This is Charise

My name is Charise Abigail Rozenbeek. I’m 28 years old and living in the Netherlands, Europe, with my husband of four years, our children and our cat.

We have 2 daughters. Amelle just turned 3 and is such a girly girl. She loves to dance and sing all day - preferably in glitter shoes and a skirt. Solenn is 1,5 years old and the complete opposite. My husband and I deliberately wanted the girls to be close in age so they would hopefully become best friends but so far, the only thing that they bond over is food. 

Amelle, our first born was quite a surprise 3 months into our relationship. She turned out to be groundbreaking and fundamental in every decision from that moment on, not just for me as a mother but for us as a family as well. 

I was born into a biracial family, as my mother is from the Philippines and my father is Dutch. I grew up in a very culturally diverse and bilingual environment, which I always loved. My husband had quite a similar upbringing, with the same set-up (Filipino mother and Dutch father) and we hope to give our children the same kind of environment and a strong connection to both of their cultural heritages. 

On career:

As soon as Amelle was born, I knew I wanted the freedom to be there for my children as well as grow as a person. I wanted to create an environment where I could combine my passion for fashion with motherhood. That turned out to be VIDA+JUNE: A twinning fashion brand for mothers and daughters. It really doesn’t get any closer to my goal than that.

When Amelle turned 4 months, I left to visit factories with my first designs under my arm. It was an emotional rollercoaster as a new mother and a new business owner but I knew I was doing this for us - for our future and luckily I had a very supportive husband by my side. 

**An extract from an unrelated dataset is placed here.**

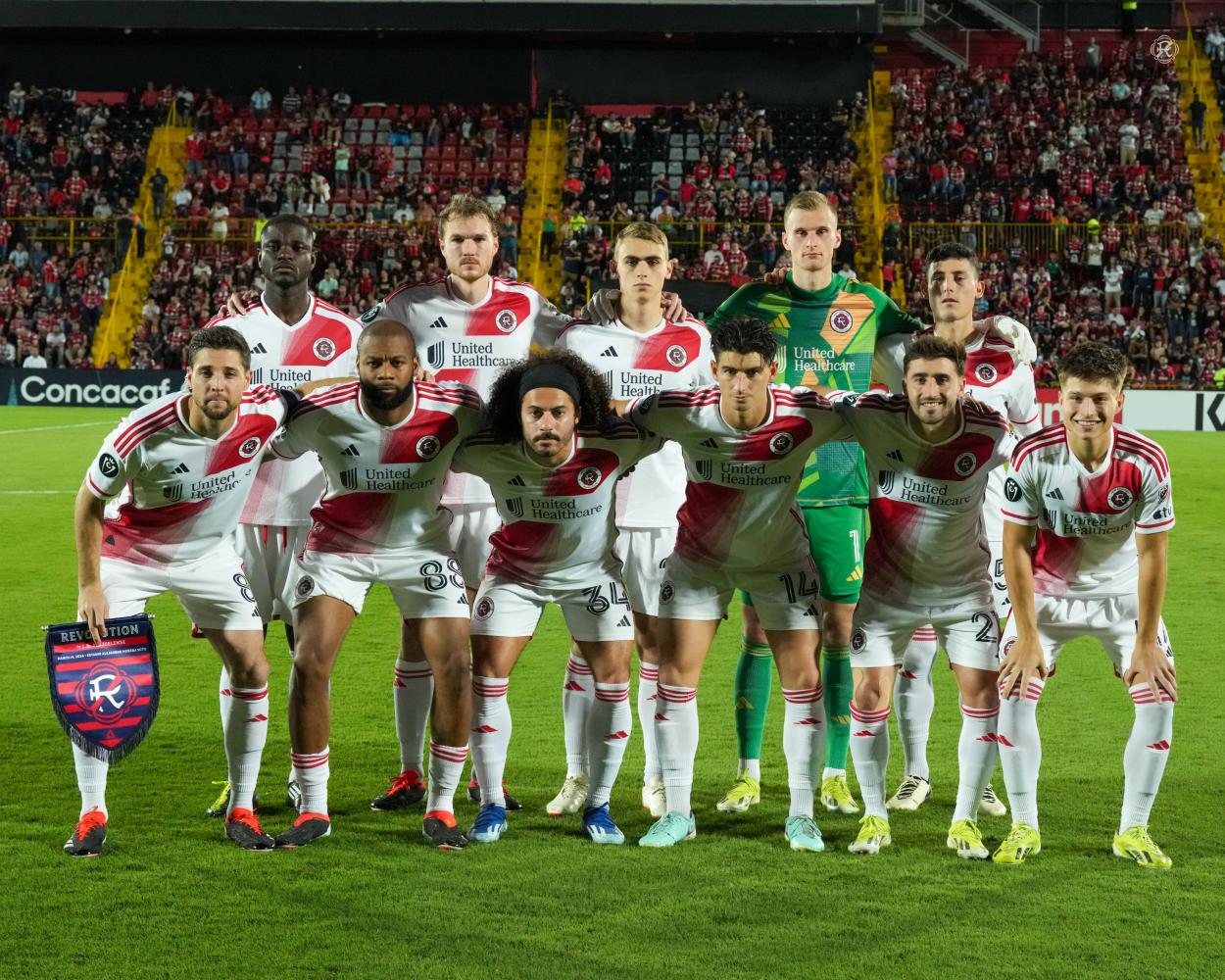 Goles y Resumen del Alajuelense 11 New England en Concacaf Champions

In terms of juggling my career with motherhood, there really is no balance when you’re an entrepreneur with kids. There are many sacrifices, especially personally because you’re so invested in your kids and in your business. In the beginning this was my downfall. Now I try to keep the two things separated as much as I can, by working on specific days only. When I’m at the office I’m fully dedicated to work and on my ‘off work’ days I’m fully dedicated to my family. 

On motherhood:

The love I get from my kids is my favourite thing about motherhood. It’s overwhelming and majestic. Every time I see them smile or hear them tell me they love me, it makes each and every sacrifice and tear worthwhile. Amelle is 3 years old now and I love her growing into this little person that talks to me about what’s on her mind. She tells me she missed me when I come home from work, or tells me I look pretty that day. It’s the best feeling in the world.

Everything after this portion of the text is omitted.